How was the idea of a network of Spanish fablabs born?
Cesar Garcia Saez. Three years ago, all the Spanish fablabs gathered at the Green Fablab of Barcelona, before FAB10, the fablab international conference. It was the first time we were all seated together around the same table. We first tried to understand what was happening in each of the fablabs, then reviewed the situation for the next twelve months. But looking to the future four or five years on was more difficult. This is how we started to think about a network to make the requirements of labs coincide with the help they could mutually bring each other.
Karim Asry. What helped us is that we all knew each other quite well. There was already a good basis of trust to create an association. And the issue of trust is often the most delicate part of any collective work.
What will be the role of your network?
Cesar Garcia Saez. Fablabs are fighting doing their own thing even though they are in permanent contact with one another. Our goal is to convince politicians, companies, universities, that the transfer of knowledge will no longer only occur through traditional institutions but also thanks to these types of organizations.

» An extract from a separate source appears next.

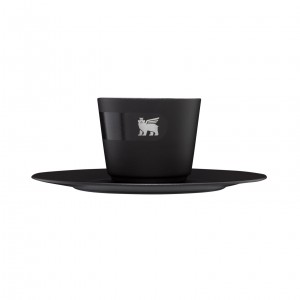 Stanley The DayBreak Demitasse Cup & Saucer | 2.2 OZ Espresso Cup Noir | 864073THF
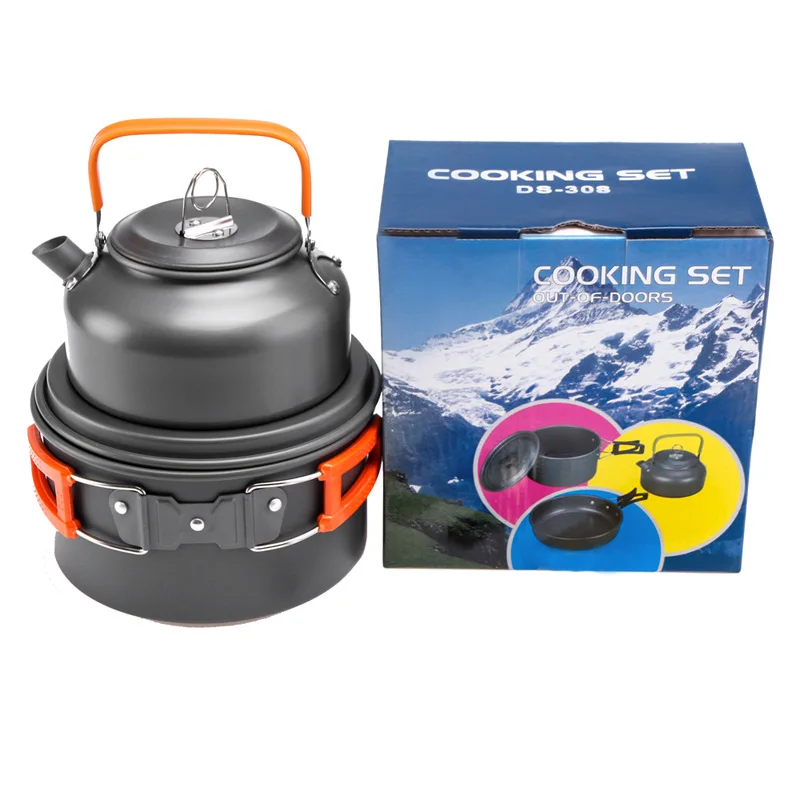 Camping Cooking Kettle - Olla para exteriores, hervidor de agua,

First, the objective is to reach a public that does not know of our existence. Imagine that in the United-Kingdom, only 1.5% of the population knows what a fablab is. And yet, they have more than 120 active fablabs, hackerspaces and makerspaces. In Spain, we have 25! That says a lot about the leeway to reach this new public…
Our fablabs are seriously understaffed. The majority of places are operating with only one person—the fabmanager who deals with everything. These people work a lot, but their work is not visible. Making fablabs more attractive and communicating are also objectives for the network.
What will this association look like?
Karim Asry. Spain is special and its network will not be limited to “official” fablabs but open to all fabrication spaces, makerspaces, hackerspaces… In short, to all the places that share these values. The other distinctive feature is that the majority of us are the producers of the Spain Maker Faires. It was therefore quite simple to gather fifteen or so members, mostly fabmanagers, and work on a common work basis.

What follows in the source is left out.